RiboZAP-designed probe sets achieved 43–62% predicted rRNA depletion across both design and independent mouse cecal MetaT samples. Probes performed effectively on non-design samples, with depletion performance consistent with those observed in the design samples. Read composition and taxonomic diversity of residual rRNA, calculated using Shannon diversity indices, showed no evidence of probe-induced bias following depletion. In silico predictions were consistent with previously reported experimental depletion results [1–3], where RiboZAP designed probes improved mRNA recovery up to ~ 75% (P < 0.01).

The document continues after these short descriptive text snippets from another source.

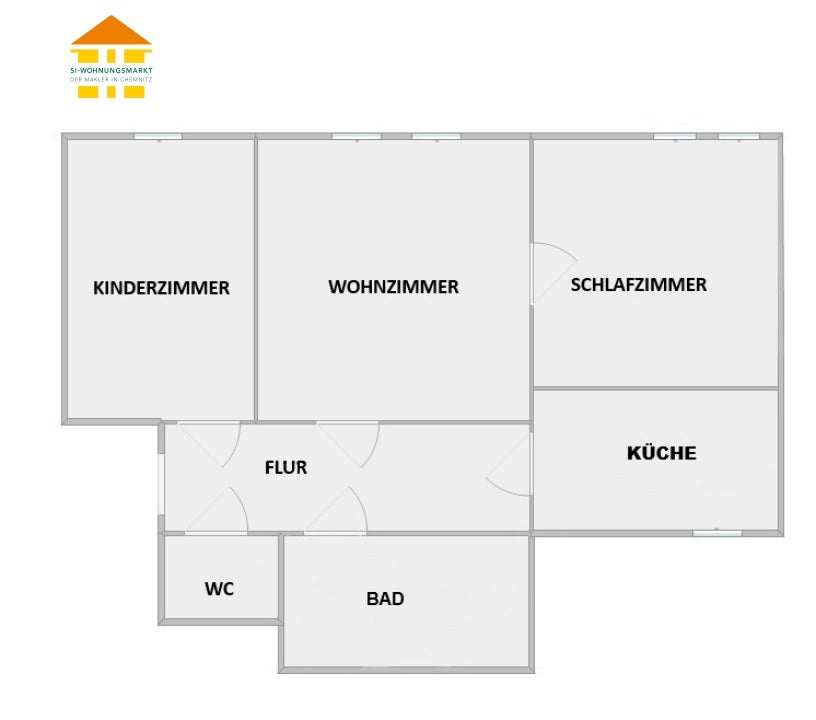 Wohnung Marktstraße in Limbach-Oberfrohna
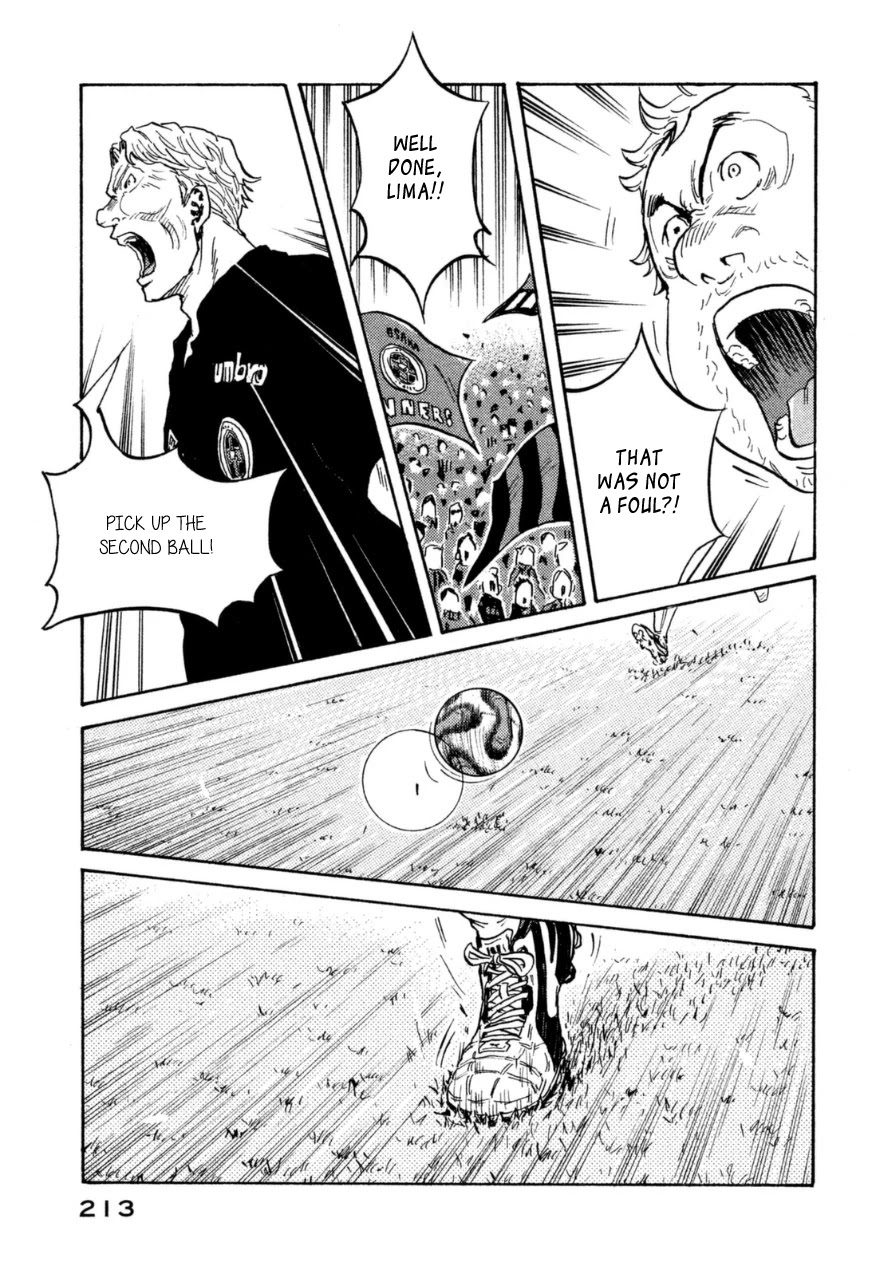 Giant Killing Chapter 347 page 15 - Chapter 347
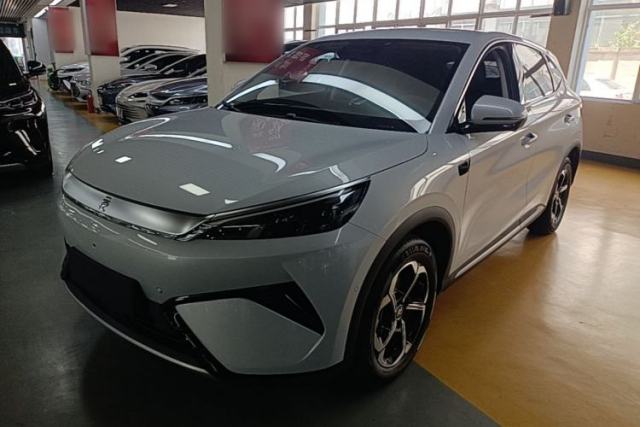 Used BYD Yuan PLUS 2025 Intelligent Driving Version 430 KM – Leading Edition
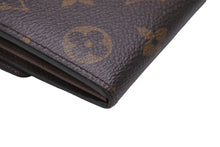 Load image into Gallery viewer, LOUIS VUITTON ルイヴィトン モノグラム ポルトフォイユ サラ 旧型 長財布 ブラウン M61734 ウォレット ロゴ 美品 中古 56332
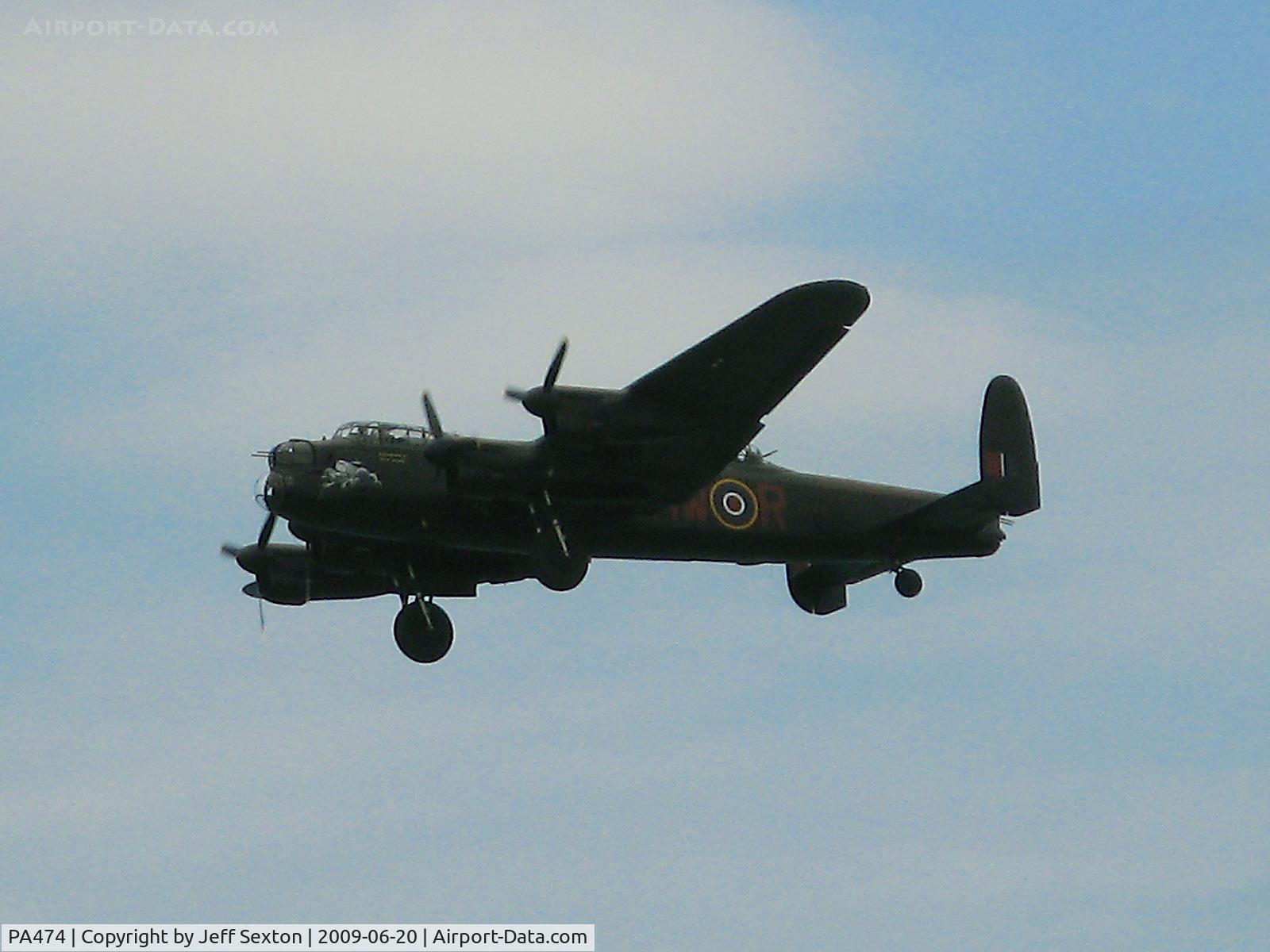 PA474, 1945 Avro 683 Lancaster B1 C/N VACH0052/D2973, Avro Lancaster Mk1 RAF Battle of Britain Memorial Flight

Comprehensive downstream validation demonstrated no bias in differential gene expression (R2 = 0.96), metabolic pathway profiling (ρ = ~0.92–0.95), or taxonomic composition.

Conclusion

In this study, we demonstrate a data-driven, in silico approach for designing additional rRNA depletion probes that perform consistently across samples of the same sample type. Probe sets designed from a subset of samples can be applied to independent samples of the same type. This approach enables estimation of rRNA depletion prior to synthesis, reducing experimental costs, and improving the efficiency of MetaT profiling from complex microbial communities.